*** Opening of Given material ***

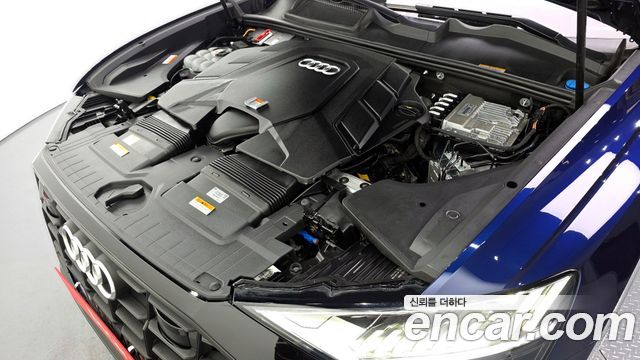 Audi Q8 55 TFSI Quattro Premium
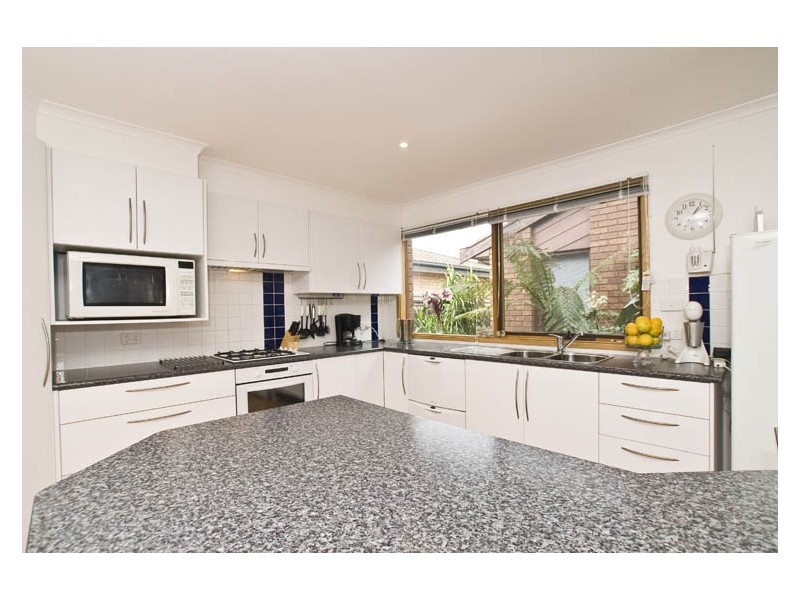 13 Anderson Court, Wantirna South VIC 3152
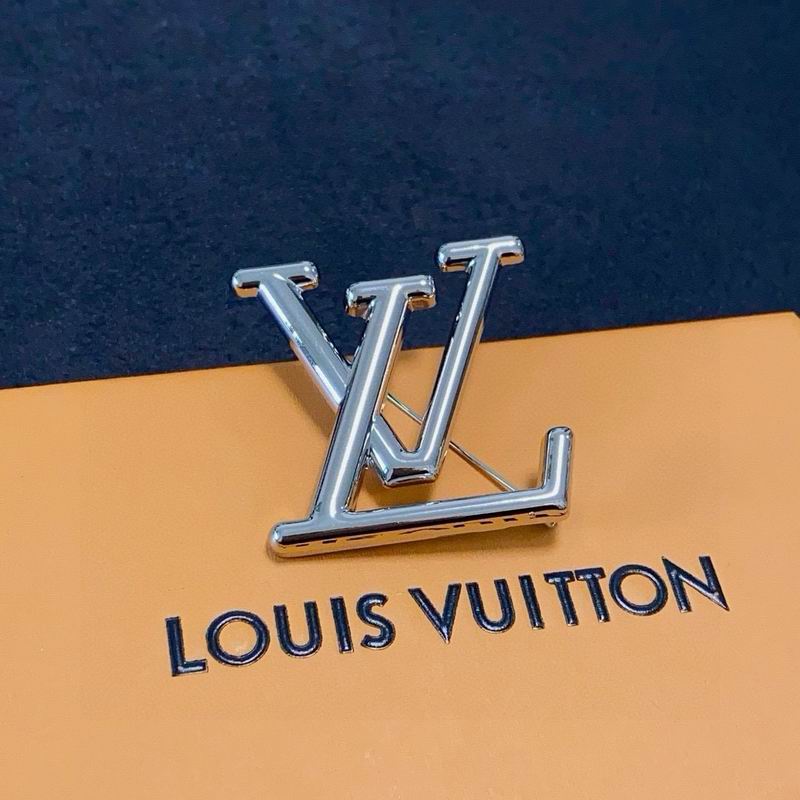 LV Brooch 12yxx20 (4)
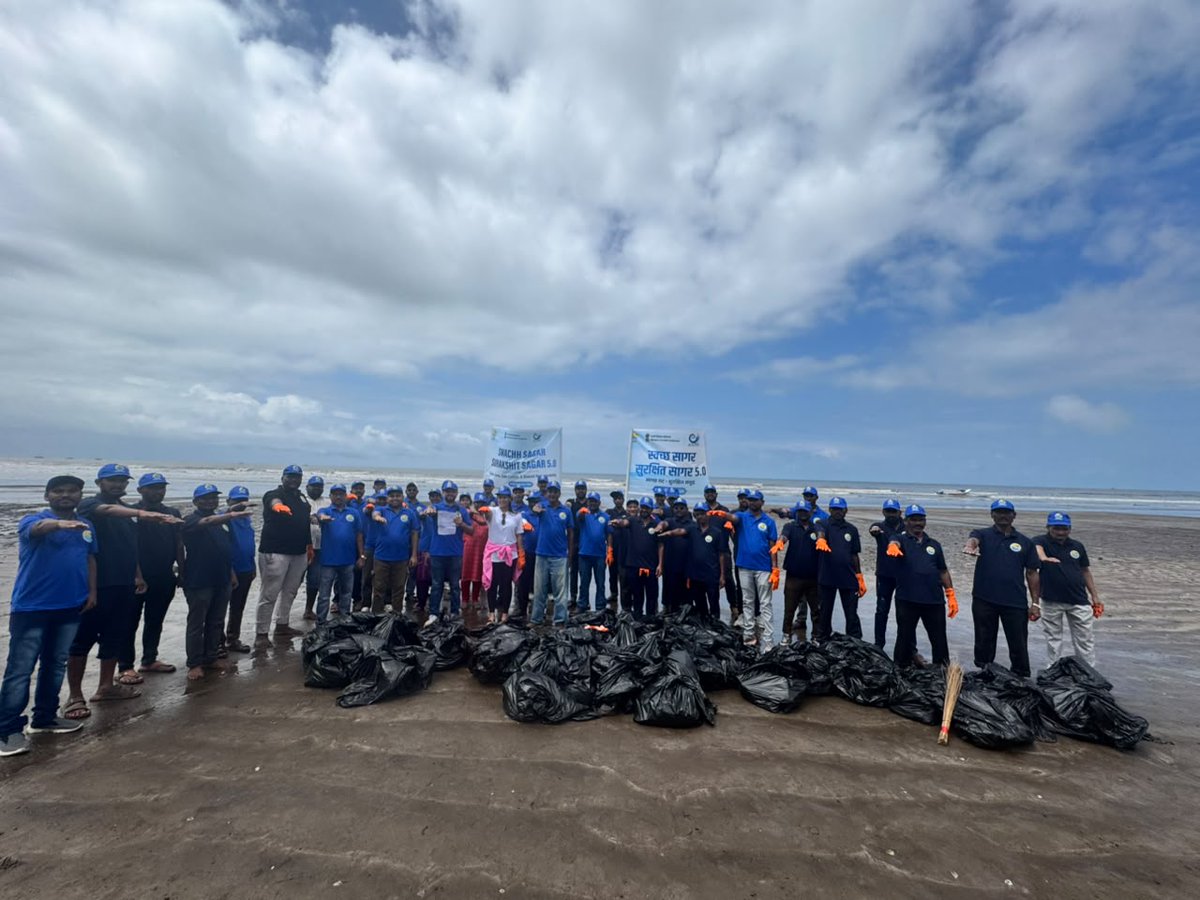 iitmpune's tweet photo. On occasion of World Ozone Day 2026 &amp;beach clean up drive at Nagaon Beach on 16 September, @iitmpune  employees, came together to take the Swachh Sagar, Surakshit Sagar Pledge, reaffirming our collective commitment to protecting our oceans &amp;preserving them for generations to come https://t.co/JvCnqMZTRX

*** Close of Given material ***

- [What you should do]:
Starting at the line containing "13 Anderson Court, Wantirna South VIC 3152" and stopping at the line containing "LV Brooch 12yxx20 (4)", output each line exactly as it appears above. Leave out the pictures.

- [Answer section]:
 13 Anderson Court, Wantirna South VIC 3152
 LV Brooch 12yxx20 (4)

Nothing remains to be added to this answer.